▼

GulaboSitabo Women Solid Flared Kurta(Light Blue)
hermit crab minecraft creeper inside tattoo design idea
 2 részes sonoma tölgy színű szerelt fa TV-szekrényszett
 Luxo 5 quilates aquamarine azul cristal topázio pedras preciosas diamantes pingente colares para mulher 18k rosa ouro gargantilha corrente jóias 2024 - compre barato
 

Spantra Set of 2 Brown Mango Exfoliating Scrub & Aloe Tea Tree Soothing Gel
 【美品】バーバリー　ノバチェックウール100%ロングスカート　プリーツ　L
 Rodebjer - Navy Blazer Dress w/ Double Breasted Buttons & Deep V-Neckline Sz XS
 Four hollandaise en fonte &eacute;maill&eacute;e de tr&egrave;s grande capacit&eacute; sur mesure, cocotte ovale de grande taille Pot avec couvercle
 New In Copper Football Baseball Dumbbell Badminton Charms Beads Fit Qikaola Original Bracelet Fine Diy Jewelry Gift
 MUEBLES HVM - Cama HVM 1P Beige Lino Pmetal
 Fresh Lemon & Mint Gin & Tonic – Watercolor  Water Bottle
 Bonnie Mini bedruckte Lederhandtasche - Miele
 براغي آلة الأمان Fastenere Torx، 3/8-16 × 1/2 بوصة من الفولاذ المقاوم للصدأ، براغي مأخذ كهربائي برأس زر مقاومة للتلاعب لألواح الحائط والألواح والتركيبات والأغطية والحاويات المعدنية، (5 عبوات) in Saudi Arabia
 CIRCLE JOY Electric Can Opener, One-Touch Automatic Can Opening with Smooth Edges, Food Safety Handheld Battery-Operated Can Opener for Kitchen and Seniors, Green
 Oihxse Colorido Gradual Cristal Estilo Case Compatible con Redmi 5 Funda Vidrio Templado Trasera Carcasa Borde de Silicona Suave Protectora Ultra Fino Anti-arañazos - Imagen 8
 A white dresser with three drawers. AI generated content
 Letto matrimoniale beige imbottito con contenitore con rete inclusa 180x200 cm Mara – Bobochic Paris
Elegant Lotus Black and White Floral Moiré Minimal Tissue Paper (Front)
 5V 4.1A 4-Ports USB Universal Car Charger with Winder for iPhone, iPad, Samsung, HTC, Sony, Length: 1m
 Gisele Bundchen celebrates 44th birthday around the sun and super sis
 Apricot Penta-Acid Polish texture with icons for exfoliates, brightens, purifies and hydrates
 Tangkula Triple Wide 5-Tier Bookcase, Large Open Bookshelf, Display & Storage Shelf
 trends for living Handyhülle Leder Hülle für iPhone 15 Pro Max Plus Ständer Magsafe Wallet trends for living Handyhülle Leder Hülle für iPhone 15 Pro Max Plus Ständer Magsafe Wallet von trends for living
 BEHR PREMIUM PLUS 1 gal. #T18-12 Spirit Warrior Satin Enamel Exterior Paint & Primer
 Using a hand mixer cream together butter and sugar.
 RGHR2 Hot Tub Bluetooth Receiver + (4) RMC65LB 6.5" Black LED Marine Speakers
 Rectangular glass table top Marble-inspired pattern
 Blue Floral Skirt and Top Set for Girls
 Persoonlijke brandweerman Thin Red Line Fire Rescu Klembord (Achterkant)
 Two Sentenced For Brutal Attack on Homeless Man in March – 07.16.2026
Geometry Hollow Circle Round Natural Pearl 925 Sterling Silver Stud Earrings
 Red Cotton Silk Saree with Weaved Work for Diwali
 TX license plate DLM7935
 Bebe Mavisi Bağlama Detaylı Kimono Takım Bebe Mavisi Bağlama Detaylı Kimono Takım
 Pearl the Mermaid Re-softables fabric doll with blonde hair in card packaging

▲

» **EXERCISE OBJECTIVE**:
Starting with the line with "Fresh Lemon &" above and going on through the line with "Bonnie Mini bedruckte", transcribe every line exactly, both ends included, and add nothing.

» **WORKED SOLUTION**:
 Fresh Lemon & Mint Gin & Tonic – Watercolor  Water Bottle
 Bonnie Mini bedruckte Lederhandtasche - Miele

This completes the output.